Abstract:
Objective To validate the accuracy of different estimation formulas for measuring renal depth in patients with horseshoe kidney using CT actual measured renal-depth as a reference standard.
Methods The clinical data of 55 patients with horseshoe kidney who underwent 99Tcm-diethylene-triaminepentaacetic acid renal dynamic imaging in the First Affiliated Hospital of Chongqing Medical University from January 2015 to December 2020 were analyzed retrospectively. These patients included 33 males and 22 females aged 19–80 (42.2±16.3) years. The vertical distance between the farthest and nearest points of the renal hilum and the skin of both kidneys were selected respectively, and the average value was taken as the renal-depth. The gender, age, height, and weight of the patients were recorded. The estimated renal-depths were obtained using the Tonnesen, Taylor, and Li Qian formulas, respectively. Paired t test, Pearson correlation analysis, and Bland-Altman analysis were performed between the estimated and CT measured renal-depths.
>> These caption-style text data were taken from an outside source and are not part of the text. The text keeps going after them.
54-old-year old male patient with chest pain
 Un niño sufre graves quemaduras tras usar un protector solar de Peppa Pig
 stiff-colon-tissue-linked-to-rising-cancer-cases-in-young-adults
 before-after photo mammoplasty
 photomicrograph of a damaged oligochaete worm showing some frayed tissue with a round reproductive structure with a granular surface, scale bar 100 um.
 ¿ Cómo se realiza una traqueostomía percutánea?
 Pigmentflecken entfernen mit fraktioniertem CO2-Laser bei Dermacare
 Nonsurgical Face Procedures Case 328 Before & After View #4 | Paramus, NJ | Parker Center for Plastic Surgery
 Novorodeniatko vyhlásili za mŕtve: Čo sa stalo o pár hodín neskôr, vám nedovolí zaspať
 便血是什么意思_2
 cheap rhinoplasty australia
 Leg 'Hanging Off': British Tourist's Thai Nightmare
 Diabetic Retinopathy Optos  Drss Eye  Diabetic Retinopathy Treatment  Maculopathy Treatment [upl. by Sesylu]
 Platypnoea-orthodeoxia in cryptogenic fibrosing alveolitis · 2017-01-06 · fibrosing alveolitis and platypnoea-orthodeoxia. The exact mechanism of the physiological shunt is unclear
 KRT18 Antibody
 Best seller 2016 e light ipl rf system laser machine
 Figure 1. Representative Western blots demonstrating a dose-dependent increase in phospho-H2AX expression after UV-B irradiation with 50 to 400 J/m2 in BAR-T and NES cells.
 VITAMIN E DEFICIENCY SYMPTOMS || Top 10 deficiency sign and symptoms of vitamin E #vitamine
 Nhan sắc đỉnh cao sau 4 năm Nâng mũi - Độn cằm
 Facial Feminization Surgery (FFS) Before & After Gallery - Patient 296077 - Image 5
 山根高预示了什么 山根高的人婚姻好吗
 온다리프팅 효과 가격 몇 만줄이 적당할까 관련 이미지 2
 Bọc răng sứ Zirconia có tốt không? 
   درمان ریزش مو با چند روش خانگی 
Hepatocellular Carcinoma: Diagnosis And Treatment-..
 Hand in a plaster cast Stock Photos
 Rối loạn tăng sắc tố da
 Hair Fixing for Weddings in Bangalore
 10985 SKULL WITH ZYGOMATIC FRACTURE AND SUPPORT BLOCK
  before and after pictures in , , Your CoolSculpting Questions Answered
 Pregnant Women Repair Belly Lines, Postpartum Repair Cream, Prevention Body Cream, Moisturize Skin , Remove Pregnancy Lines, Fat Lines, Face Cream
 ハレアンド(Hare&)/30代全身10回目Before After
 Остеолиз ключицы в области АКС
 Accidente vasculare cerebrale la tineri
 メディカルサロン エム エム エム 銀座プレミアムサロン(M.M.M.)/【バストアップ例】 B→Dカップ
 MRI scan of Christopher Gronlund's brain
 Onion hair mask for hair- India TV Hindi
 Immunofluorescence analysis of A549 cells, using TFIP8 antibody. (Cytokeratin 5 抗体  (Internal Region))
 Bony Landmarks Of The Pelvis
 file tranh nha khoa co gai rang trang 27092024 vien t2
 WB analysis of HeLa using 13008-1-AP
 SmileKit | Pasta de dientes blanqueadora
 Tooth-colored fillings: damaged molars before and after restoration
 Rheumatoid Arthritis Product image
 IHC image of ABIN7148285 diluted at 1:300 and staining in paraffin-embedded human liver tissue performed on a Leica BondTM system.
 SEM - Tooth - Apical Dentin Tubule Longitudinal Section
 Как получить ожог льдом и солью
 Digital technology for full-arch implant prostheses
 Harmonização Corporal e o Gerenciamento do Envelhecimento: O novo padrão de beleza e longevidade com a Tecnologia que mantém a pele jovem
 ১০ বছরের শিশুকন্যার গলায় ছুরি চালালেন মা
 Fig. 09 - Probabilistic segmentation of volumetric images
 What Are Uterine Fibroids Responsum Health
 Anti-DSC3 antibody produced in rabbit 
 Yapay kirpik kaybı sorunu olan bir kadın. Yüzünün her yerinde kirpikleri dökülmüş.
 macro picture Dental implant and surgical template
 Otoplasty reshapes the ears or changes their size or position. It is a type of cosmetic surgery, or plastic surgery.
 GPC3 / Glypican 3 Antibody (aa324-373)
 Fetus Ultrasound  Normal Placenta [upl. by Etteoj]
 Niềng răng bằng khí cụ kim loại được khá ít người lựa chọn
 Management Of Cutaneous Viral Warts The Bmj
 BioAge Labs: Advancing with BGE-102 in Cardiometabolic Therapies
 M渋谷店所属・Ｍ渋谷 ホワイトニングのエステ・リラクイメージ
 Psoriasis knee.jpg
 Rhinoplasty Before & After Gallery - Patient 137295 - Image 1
Results In 55 patients, the renal-depths calculated by the Tonnesen, Taylor, and Li Qian formulas were all lower than the CT measured renal-depths, and the differences were all statistically significant (left kidney: t=−14.04 to −6.85, all P<0.01; right kidney: t=−15.19 to −8.47, all P<0.01). A significant correlation existed between formulas estimated and CT measured renal-depths (r=0.430−0.528, all P<0.001), but the Li Qian formula correlated better than the Tonnesen and Taylor formula, where the correlation coefficient was (r=0.528, P<0.001) for the left kidney and (r=0.484, P<0.001) for the right kidney. All formulas underestimated the renal-depth; the estimated error increased with increased renal-depth, and the difference was statistically significant (95%CI: (0.805–1.471) to (2.347–3.061), all P<0.001). The bias between the renal-depths estimated by the Tonnesen formula and those measured by CT was the largest (left kidney: (2.38±1.24) cm; right kidney: (2.69±1.30) cm). Although the correlation coefficients of the Taylor and Tonnesen formulas were closer, the Taylor formula had better agreement, with biases of (1.76±1.29) cm and (1.70±1.32) cm for the left and right kidneys, respectively. The bias between the renal-depths derived from the Li Qian formula and those measured by CT was smaller (left kidney: (1.14±1.22) cm; right kidney: (1.46±1.27) cm).
Conclusions The accuracy of renal-depth in patients with horseshoe kidney calculated using Tonnesen, Taylor, and Li Qian formulas were not as good as the actual CT measurement. Therefore, to accurately assess glomerular filtration rate, CT is recommended to measure the renal-depth of patients with horseshoe kidney.